Most retroviruses have a distinctive "C-type" appearance by electron microscopic evaluation and they bud from the cytoplasmic membrane of productively infected cells. Their genome contains two complete copies of single stranded RNA, is about 70s, and the virions are 1.14 to 1.16 grams/cc buoyant density in sucrose. The RNA replicates through a DNA proviral stage using virus-encoded reverse transcriptase and integration of proviral DNA into the DNA of the infected cell routinely occurs. The typical retroviral genome is 8 to 10 kilobases (KB) in length, and has a "long terminal repeat" (LTR) sequence at both ends which can act as an efficient promoter. Retroviruses have a structure that is characteristic of transposons, and apparently represent one of the most efficient ways for the natural activation and/or transduction of genes in animal cells. The typical genome has three genes: (a) gag, which is at the 5' end of the RNA and encodes for a polyprotein which undergoes post-translational cleavage to make the four peptides which compose the core of the virion; (b) pol, which encodes for the reverse transcriptase; and (c) env, which encodes for the major virion envelope glycoprotein which protrudes at the surface of the virus, allows adsorption to receptor containing cells, and serves as a target for virus neutralizing antibodies.
Little is known about how retroviruses cause leukemia at the molecular level. Replication defective forms of many retroviruses have been isolated and characterized. Such recombinants have usually acquired or transduced one of series of highly conserved cell "onc" (c-onc) genes, which usually allow the virus to transform cultured fibroblasts and cause polyclonal tumors in vivo after very brief latent periods. One possible mechanism by which retroviruses might cause cancer under natural conditions is by the de novo generation of recombinants by replicating competent "helper" viruses.
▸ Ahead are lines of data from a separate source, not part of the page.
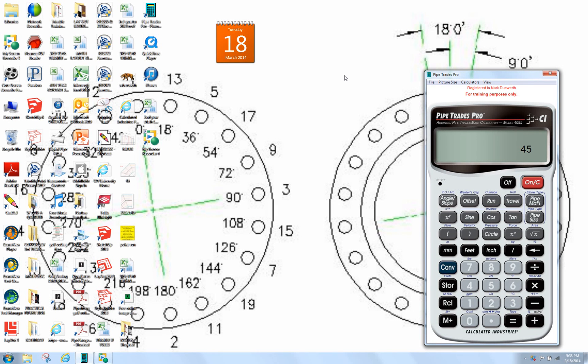How are you doing? Welcome to Moe's Math. We're going to do some Pipe Trades Pro problems here. We're going to do a 45 inline set.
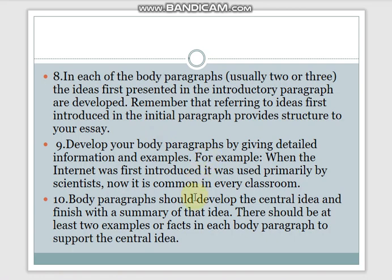Body paragraphs should develop the central idea and finish with a summary of that idea. There should be at least two examples or facts in each body paragraph to support the central idea.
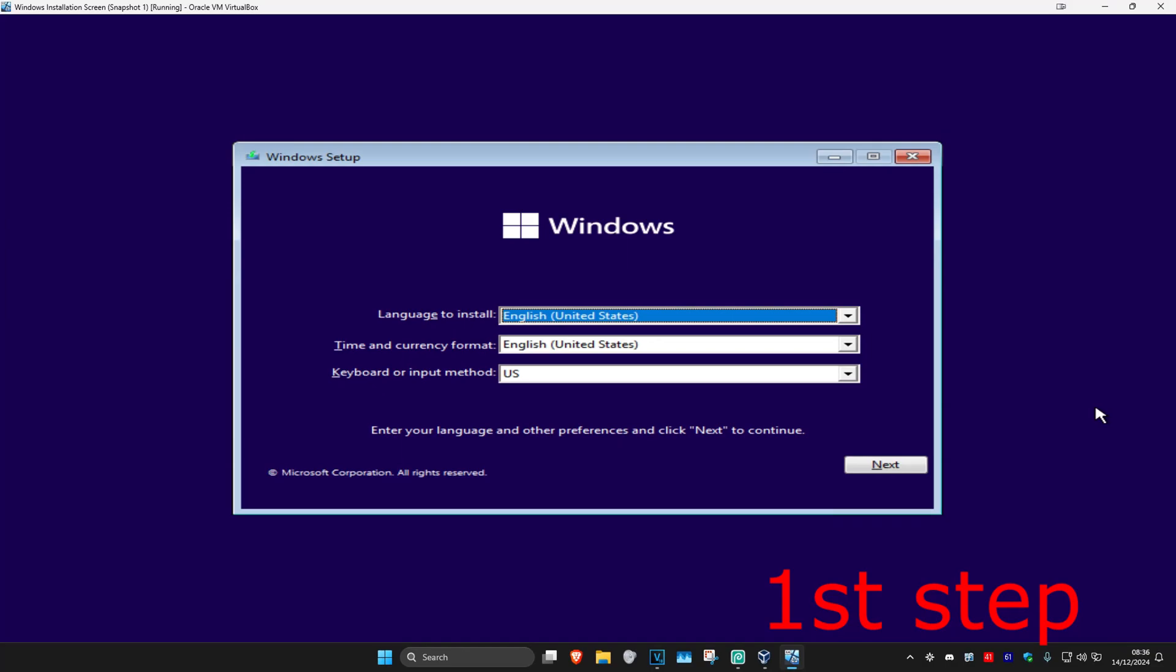For the first step, you want to get into the Windows installation screen, which is this right here. Now to access the Windows installation screen, you want to boot your computer from a USB or DVD with the Windows installation media, which you can download from the Microsoft website.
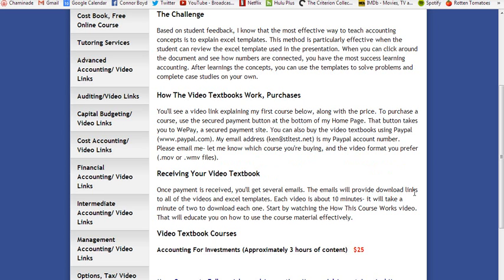When your payment is received, you'll get several emails. The emails will provide download links — you'll get one set that has videos and another email that has the set of Excel templates. I'll probably split the videos among a couple of email links. Each video is about 10 minutes, and you'll find it will take a minute or two to download.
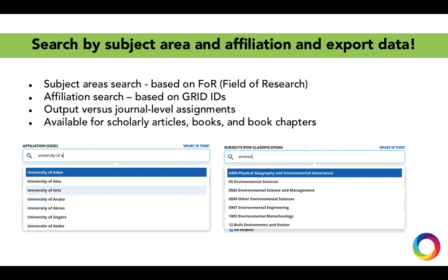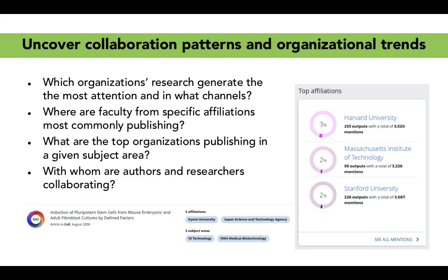What's exciting is that these are output versus journal level assignments, meaning we have gone through the text of the publications themselves to assign classifications that actually relate to the topics of the articles and outputs versus the journals. These are currently available for scholarly articles, books, and book chapters.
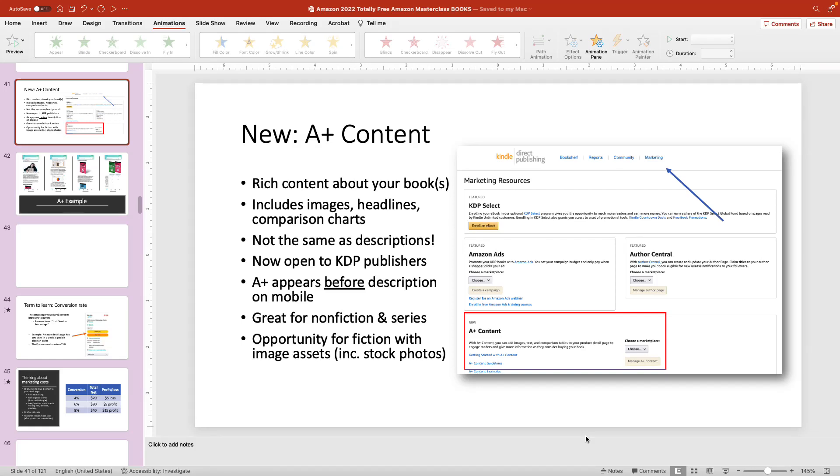Hi, this is Ian Lamont from In 30 Minutes Guides. Today I'm going to show you how to animate bullets in PowerPoint. If this video helps, please take a moment to like it and follow me. Let's get started.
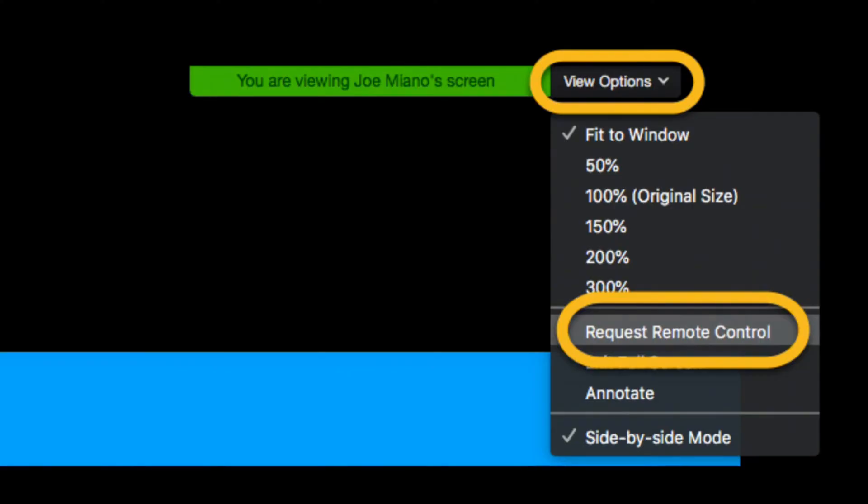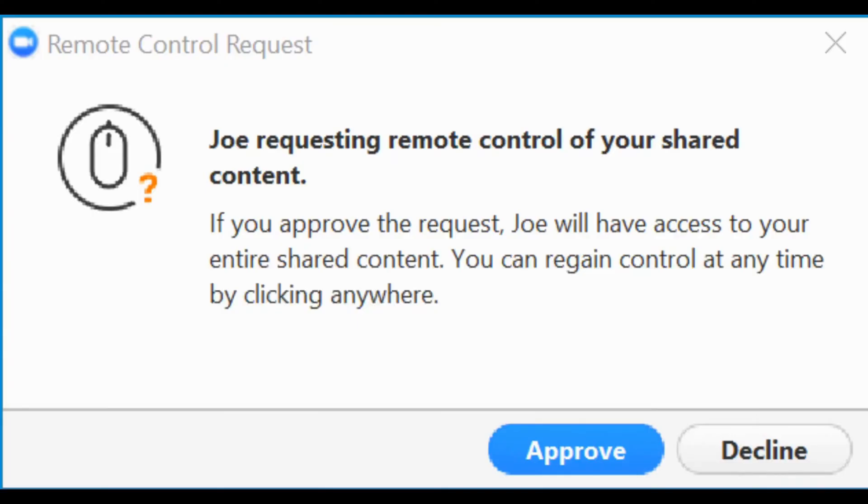First of all, at the top of your screen select the View Options drop down and click Request Remote Control, then request to the window prompt. After that, instruct the remote user to click approve.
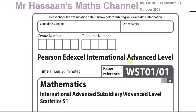Welcome back, this is Mr. Hassan's Maths Channel and I'm going to be going over the S1 statistics paper from October 2022 from Pearson's Edexcel examining board. I'm going to go through each question one by one, starting off with question number one and save them as separate videos, so I can save them in a playlist — one with the paper and one with the topic.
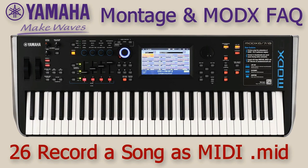Welcome to video 26 on the Yamaha Montage and MODX synthesizers. In this video we are going to make a MIDI recording.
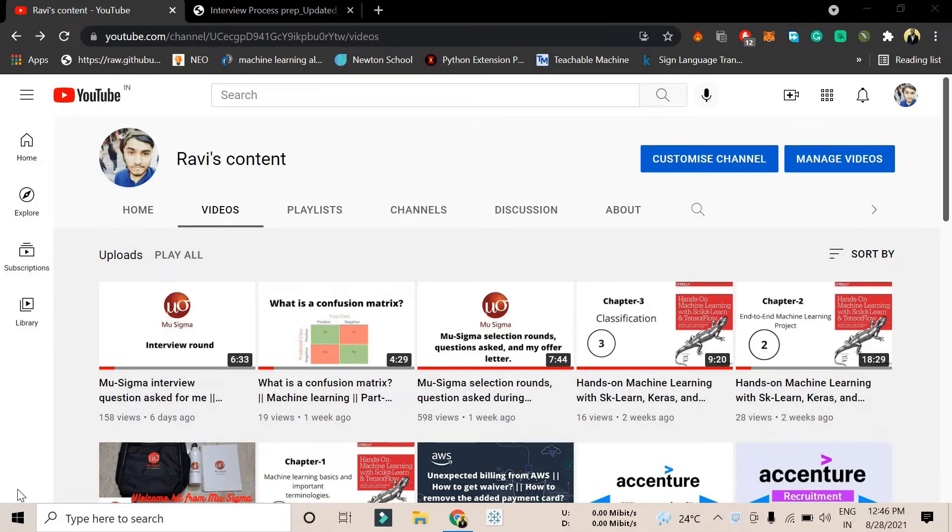Before going further, I want to let you know that I have a YouTube channel where I'm uploading all this content. You're watching this particular video but you're not subscribing and liking my videos.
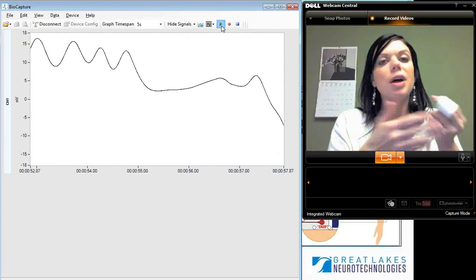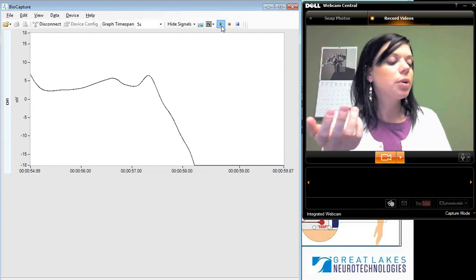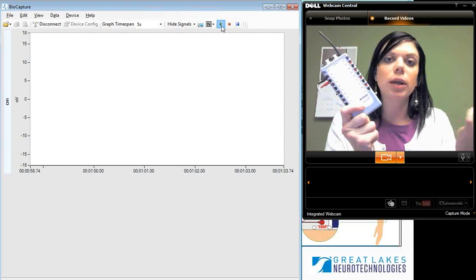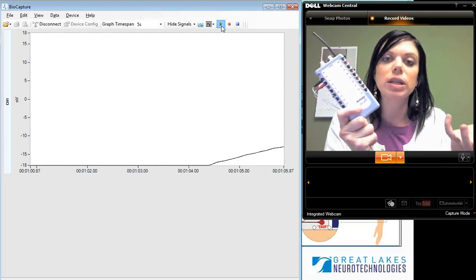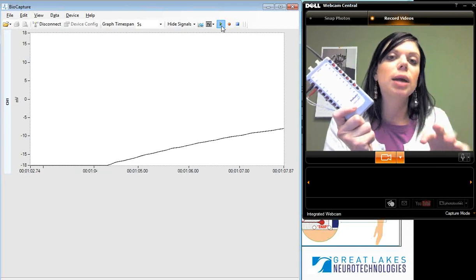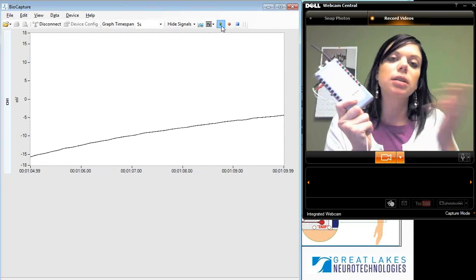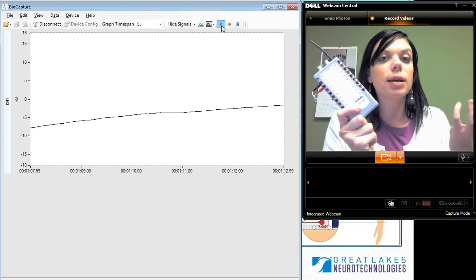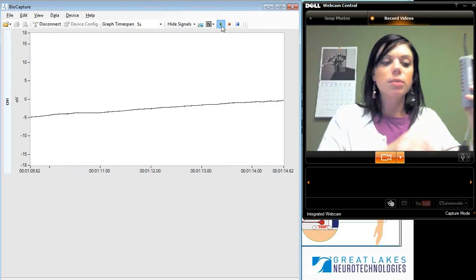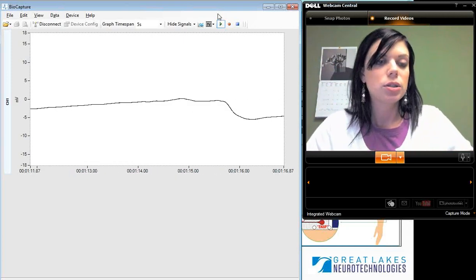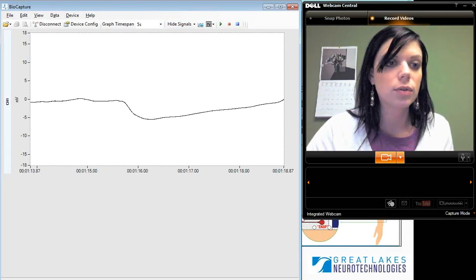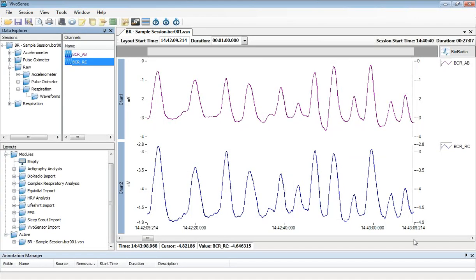The BioCapture software is pretty simple, but it's nice because with the BioRadio you can get up and running very quickly in terms of collecting your respiratory data. Within BioCapture you would save your data files, and then we have a few different options you can use to analyze your data. I'm going to switch over to what we call the VivoSense Analysis Software Package.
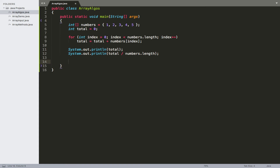In addition to being able to get the total and average, another slightly more complex algorithm we could apply to our arrays is being able to look up a specific kind of value inside of them. So I'm going to create another array here — I'm going to call this one numbers2. For this one, I'm going to put in five values and scramble the order a bit, so it's not going to be as clean as 1, 2, 3, 4, 5. For this one, we'll do something like 3, 6, 2, 8, and 5.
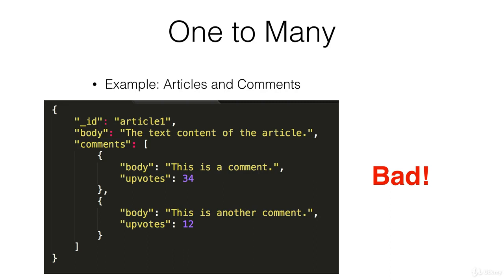every single time that a user wants to upvote a comment you would have to go through this entire array and find the appropriate comment. So this is a bad way of structuring article and comment relationships or one-to-many relationships.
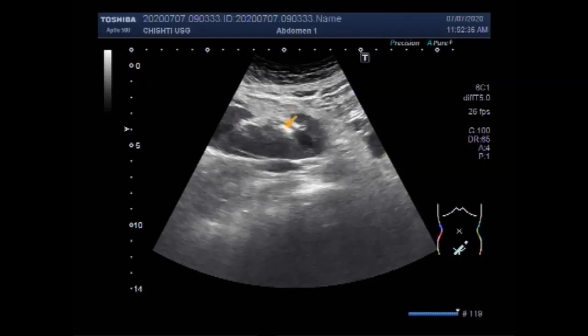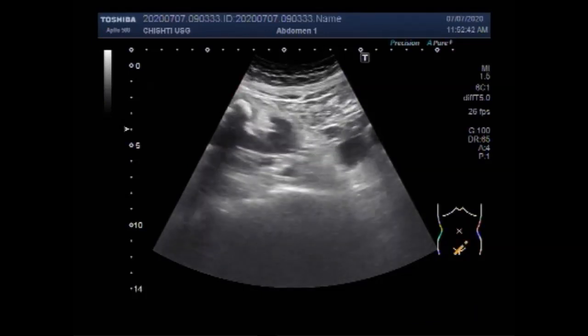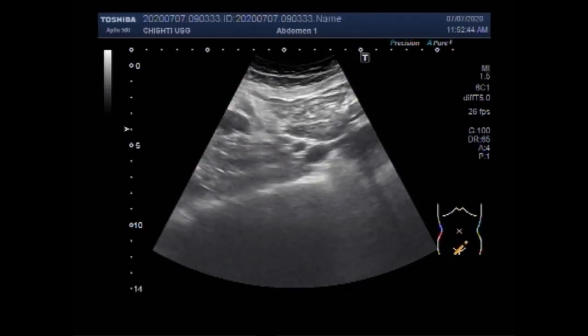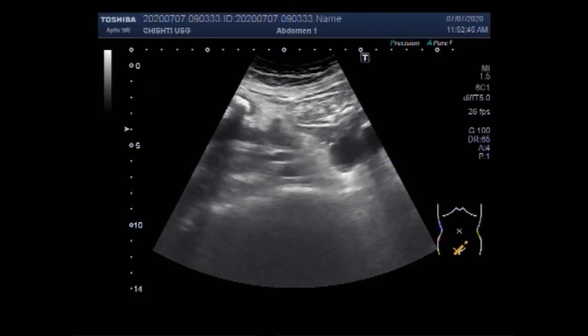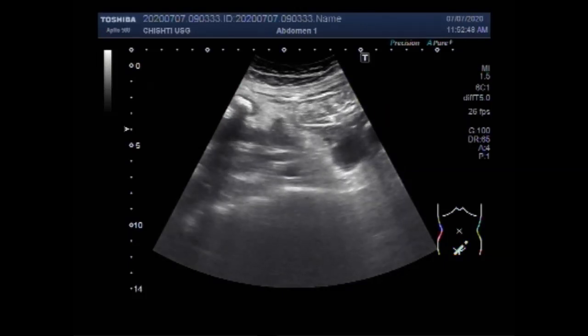The ectopic kidney is most commonly located in the pelvis. As in this case, the kidney is located in the left side of the pelvic cavity.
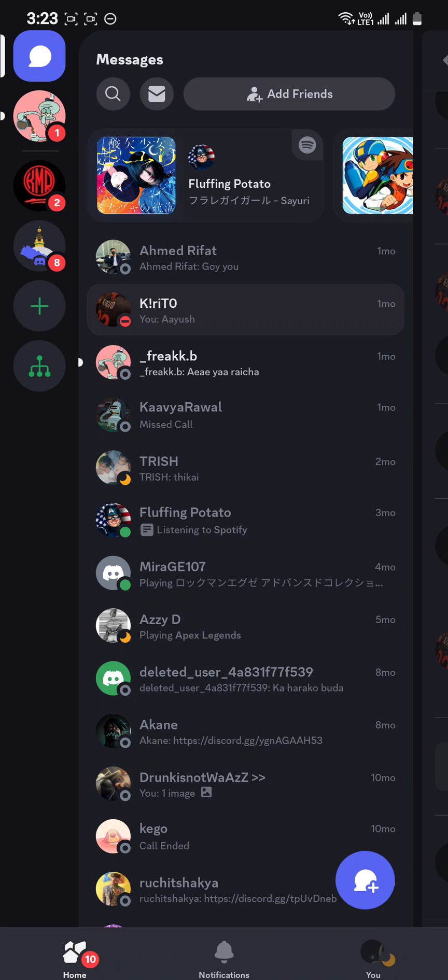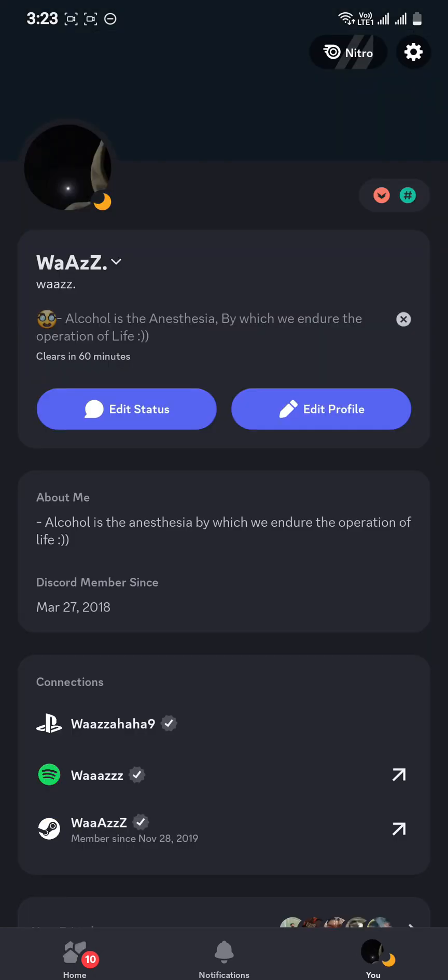First, just open your Discord. Once you're on the home screen, stay there and look at the bottom right button where you can see your profile option. Tap it right there.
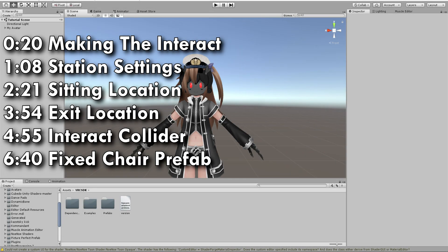Salutations everybody, this is Xigbar von Squid making a splash, and today we are doing the tutorial on Avatar Chairs.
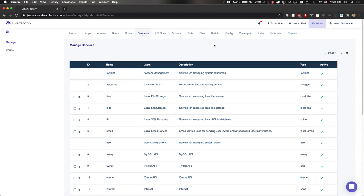Sometimes you'll want to configure read-only API access for certain clients. For example, maybe you're going to create a web dashboard that is used for viewing purposes only. There's no particular reason to give the client responsible for generating that dashboard additional capabilities beyond read, such as insert, put, patch, or delete. Using DreamFactory, it's very easy to create roles — role-based access controls — that are read-only in nature. In this short video, I'll walk you through how that's accomplished.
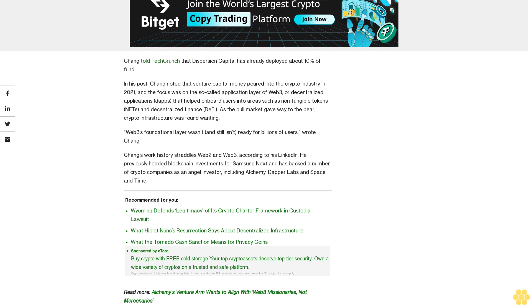Chang's work history straddles Web2 and Web3. According to his LinkedIn, he previously headed blockchain investments for Samsung Next and has backed a number of crypto companies as an angel investor, including Alchemy, Dapper Labs, and Space and Time.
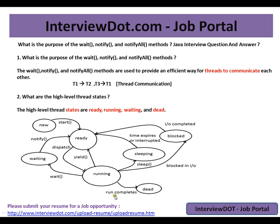Hi, this video is from interview.com. Interview.com is a job portal — if you're looking for a job, you can log on to interview.com and post your resume with us. In this video I'm going to talk about two important Java interview questions: what is the purpose of the wait, notify, and notifyAll methods?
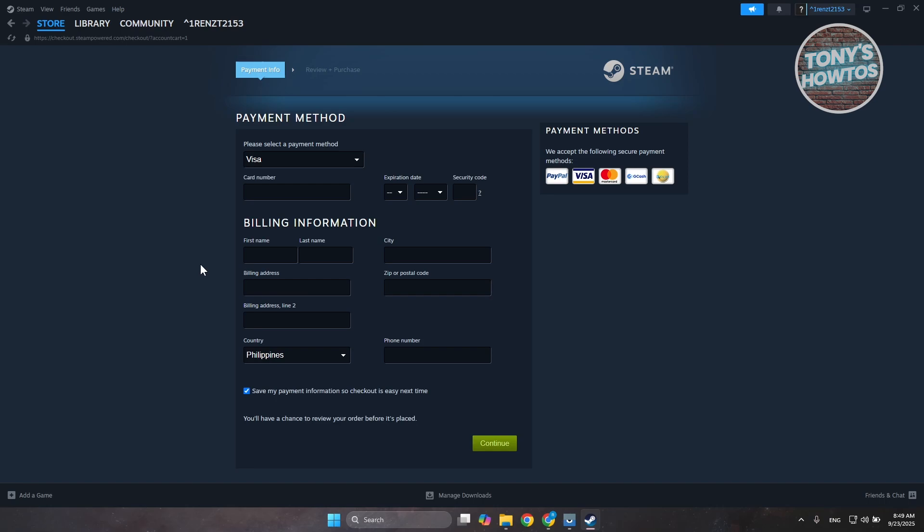Now from here, just provide the necessary details that include the card number, expiry date, and the security code usually indicated on your Visa gift card. Usually it's on the back, but if you have a digital Visa gift card, it should be indicated on the card you received as well.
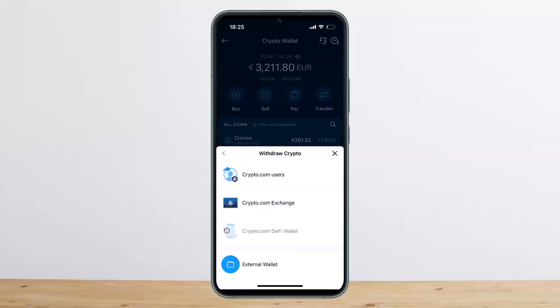Scan the QR code from your Blockchain wallet address and you'll be able to send it. This way you can send bitcoin from Crypto.com to Blockchain. Hope this helped you — do like and subscribe, and don't forget to leave a comment down below if you have any further issues.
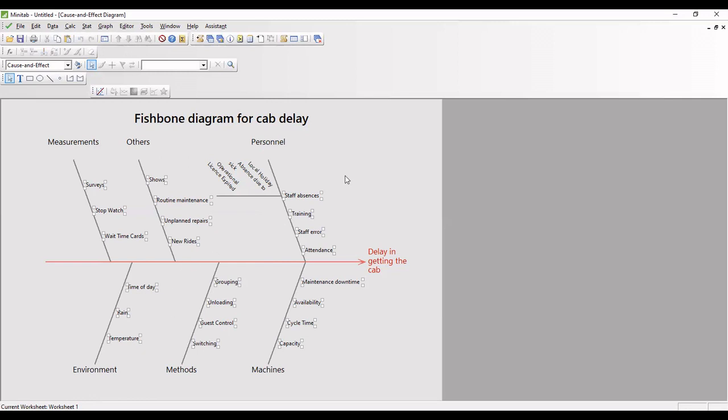I hope you are able to understand, you are able to follow how you can create the fishbone diagram in Minitab. Thank you, friends.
Another possible mechanism, for which some evidence is available in the avian system, is "promoter insertion". In this case, the promoter of the replicating helper virus intergrates adjacent to a c-onc gene, transcriptionally activates that gene, and the presumed product (demonstrated to be a tyrosine-specific protein kinase in some instances) causes the phenotypic alteration characteristic for the given type of malignancy.

Development and Characterization of Human T-Cell Lines
The recognition and characterization of the new human retrovirus, which apparently causes a malignancy of mature T lymphocytes, was made possible by the identification of human T cell growth factor (TCGF) by Dr. Gallo and his colleagues. TCGF, which was also subsequently isolated in mice (where it is referred to as interleukin-2 by some investigators), will allow the continuous proliferation of mature T cells. This molecule, as purified by Mier and Gallo, is a 13,000 dalton protein which binds to receptors on mature terminal transferase (Tdt)-negative T cells of the E-rosette positive and OKT-4 (helper) positive lineage. TCGF can be used to maintain cultures from tumors of the mature T cell type including some cases diagnosed as mycosis fungoides (MF) or Sezary's syndrome (SS), and many cases described by the Japanese as adult T cell leukemia (ATL). Some of the cultures from such tumors subsequently become constitutive producers of TCGF and in such cases the molecule is both present in the media and on the cytoplasmic membrane. Receptors for TCGF are preferentially expressed after stimulation of the target cells by antigen and/or lectins. The first isolation of the human T-cell leukemia virus (HTLV) was made in Dr. Gallo's laboratory in two lymphoblastoid cell lines established from a patient with a tumor composed of mature T cells of the characteristic type (see below). Using TCGF, many lines have now been established in the Gallo lab which contain HTLV, and at least three lines have been established which are constitutive producers of TCGF.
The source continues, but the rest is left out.